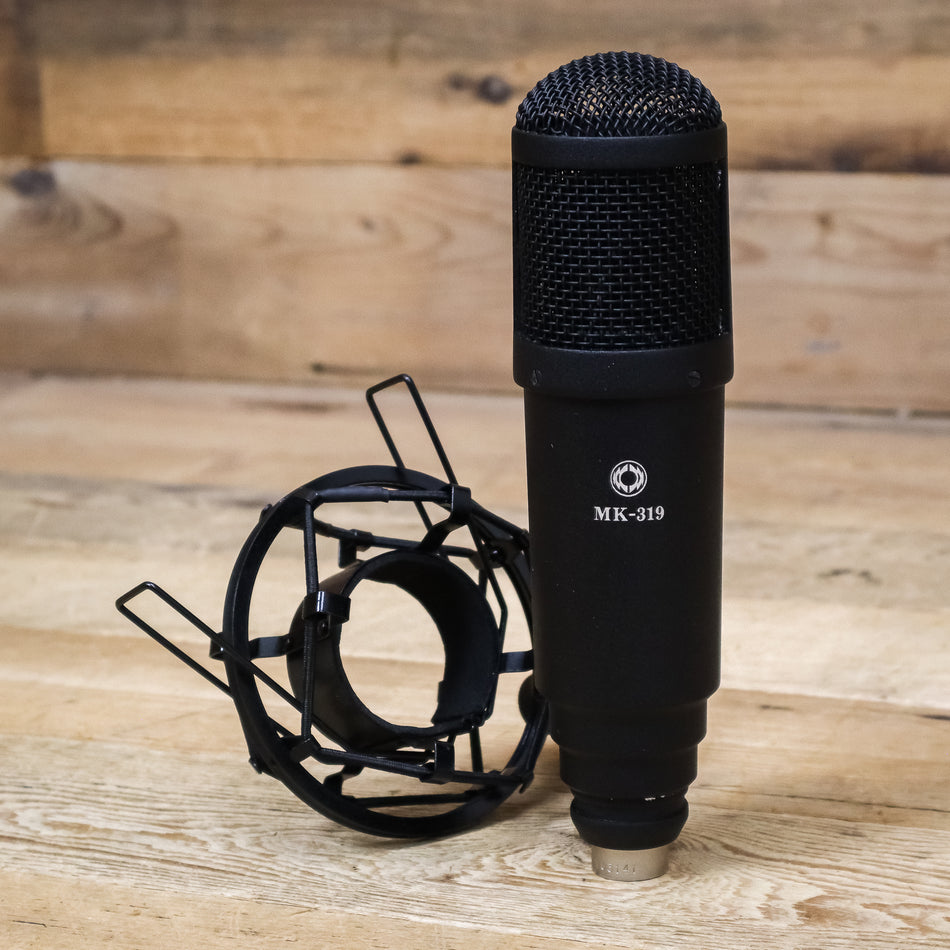 Oktava MK-319 Studio Condenser Microphone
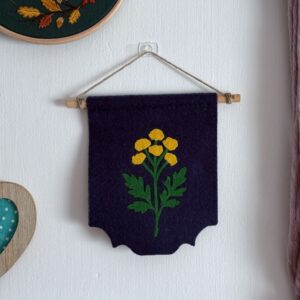 Proporczyk filcowy z wrotyczem na granatowym tle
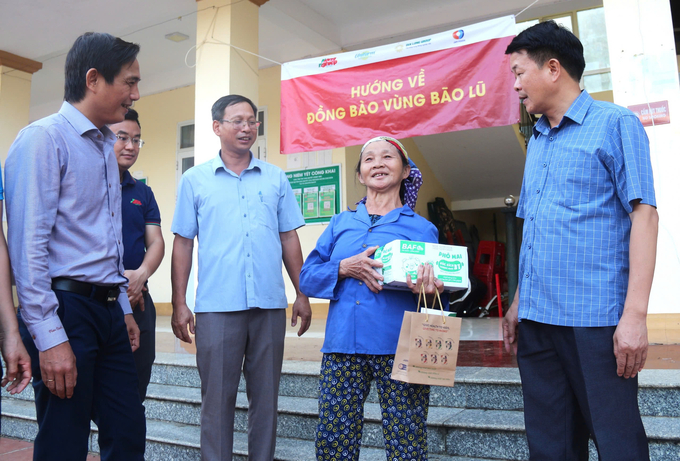 The joy of a resident from Quang Bach Commune, Cho Don District, Bac Kan, upon receiving gifts from sponsors.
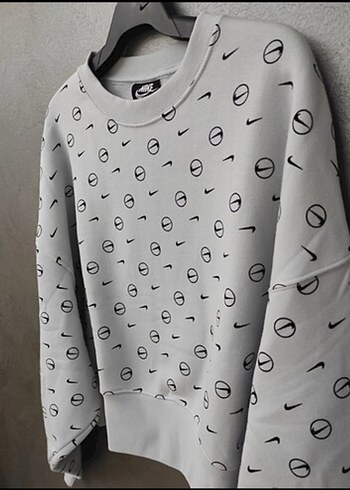 xs Beden Nike Sportswear Fleece Printed Crew Kadın Sweatshirt orjinal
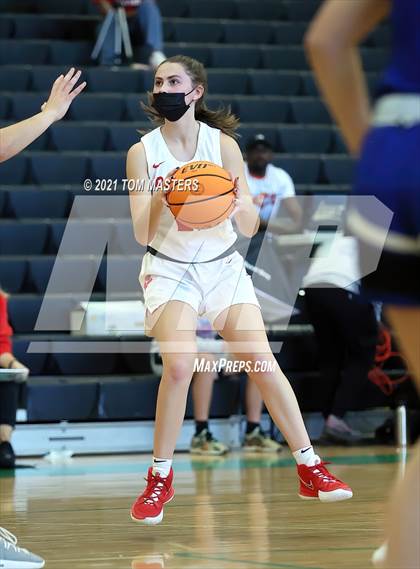 Thumbnail 1 in Charlotte Christian vs. South Mecklenburg photogallery.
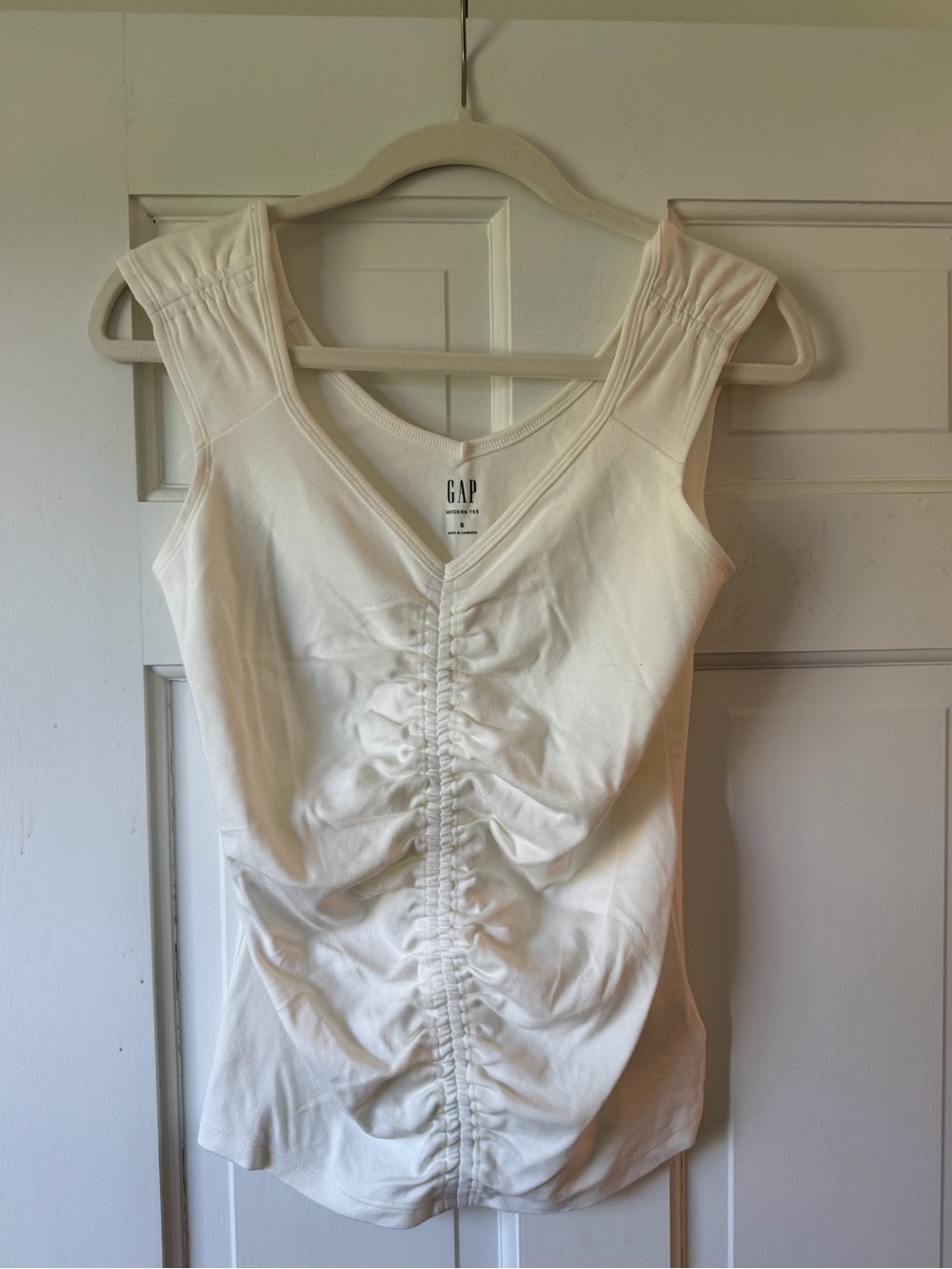 GAP Cream Ruched Front V-Neck Tank Top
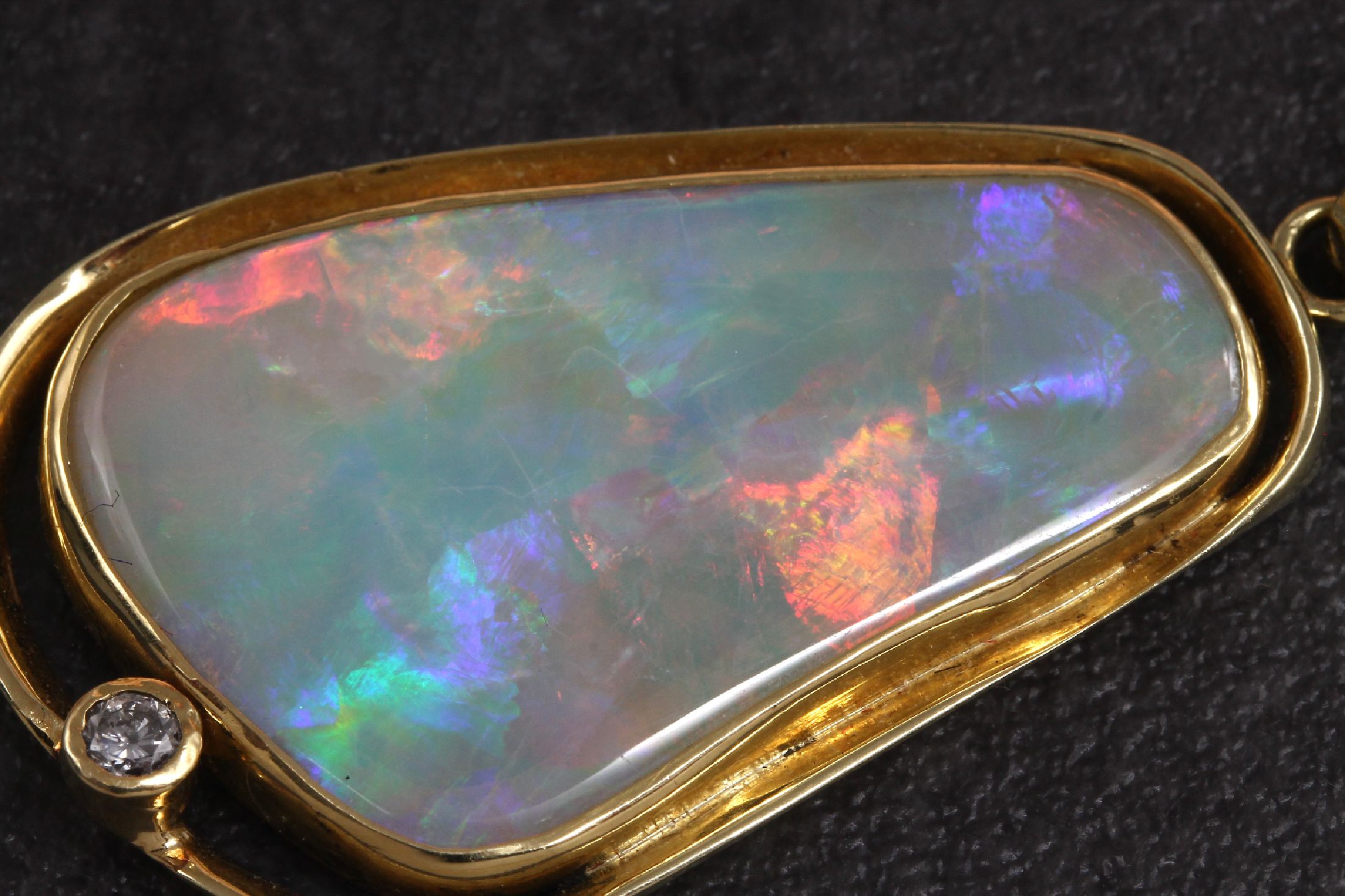Detail a: 14 kt Gold Opal-Brillant-Anhänger, GG 585/000, Öse strukt., Opal mit schönem Farbspiel in grün, rot und blau ca. 7.50 ct, verz. mit einem ...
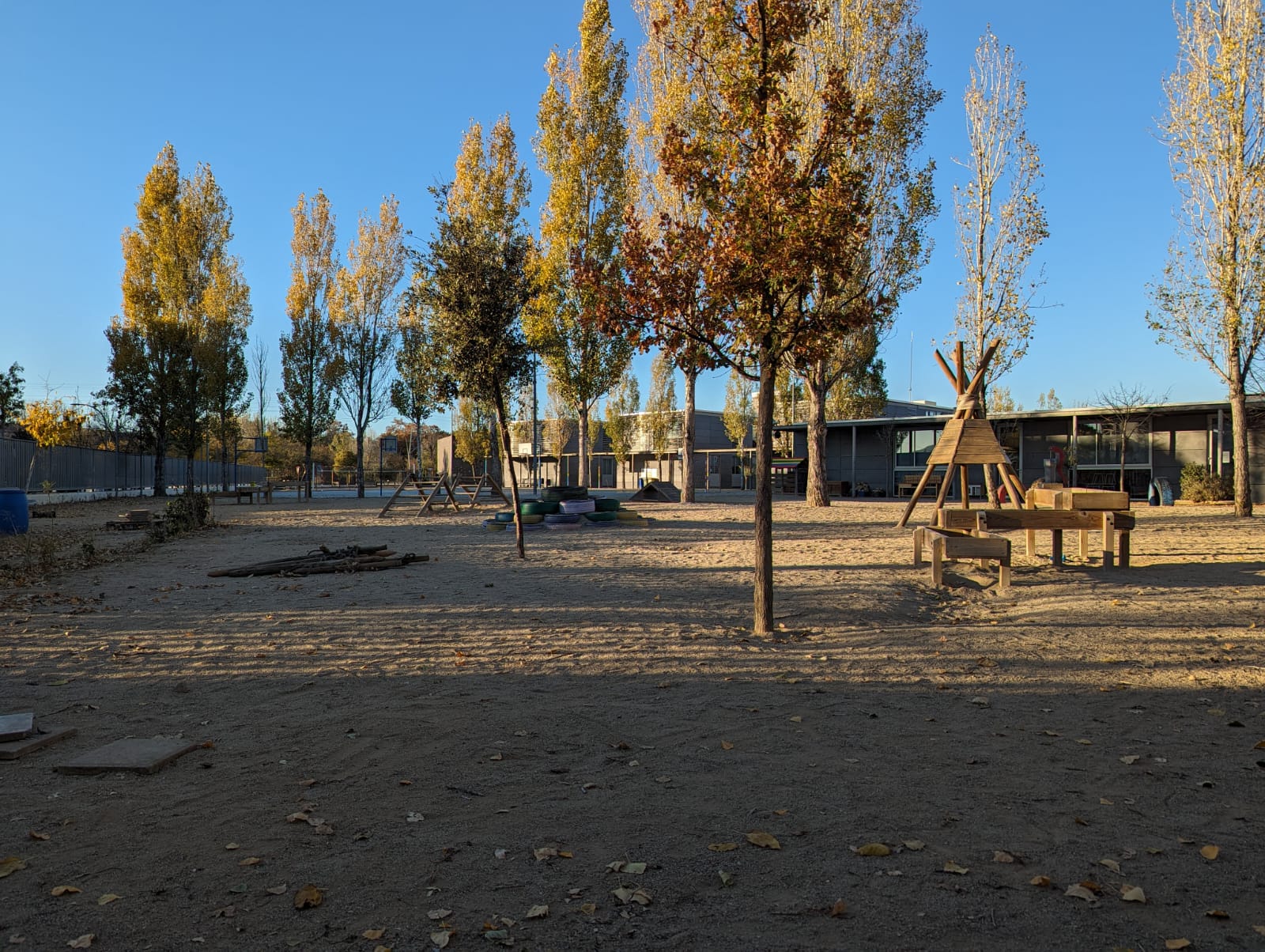 L'Ajuntament reprèn aquest mandat la reforma del pati de l'Escola Mogent 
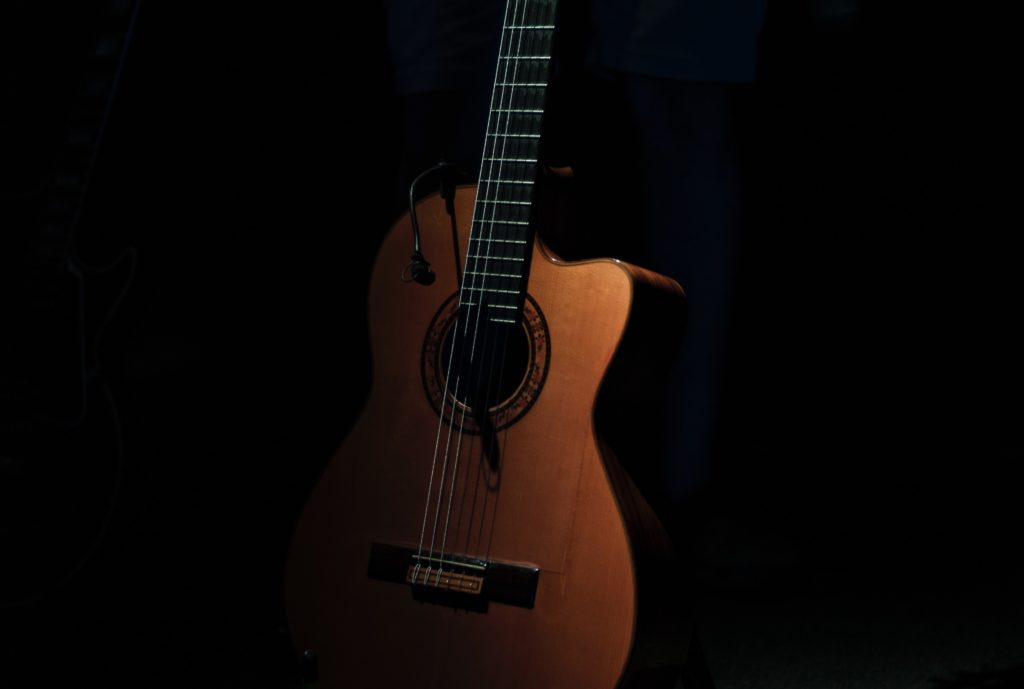 A Quick Guide to Acoustic Guitar Shapes Here’s What You Need to Know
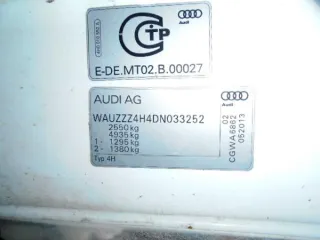 Audi A8 L 2013 года выпуска, VIN WAUZZZ4H4DN033252, госномер В055МВ716. Комплект зимних шин Nokian Tyres Hakkapeliitta 9SUV R18 235/55 104Т - 4 шт. Литые диски R19/8.5JPCD 5X112ET 35 ЦО 70.1 Dotz CP5 dar - 4 шт. Дополнительный комплект летних шин Viatti Bosco 235/55 R18 100H - 4 шт.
+===+
- TASK REQUIREMENTS: Although the records above contain pictures, the copy must not; set down exactly the lines from the one with "The joy of a" up to and including the one with "A Quick Guide".

- TASK OUTPUT:
 The joy of a resident from Quang Bach Commune, Cho Don District, Bac Kan, upon receiving gifts from sponsors.
 xs Beden Nike Sportswear Fleece Printed Crew Kadın Sweatshirt orjinal
 Thumbnail 1 in Charlotte Christian vs. South Mecklenburg photogallery.
 GAP Cream Ruched Front V-Neck Tank Top
Detail a: 14 kt Gold Opal-Brillant-Anhänger, GG 585/000, Öse strukt., Opal mit schönem Farbspiel in grün, rot und blau ca. 7.50 ct, verz. mit einem ...
 L'Ajuntament reprèn aquest mandat la reforma del pati de l'Escola Mogent 
 A Quick Guide to Acoustic Guitar Shapes Here’s What You Need to Know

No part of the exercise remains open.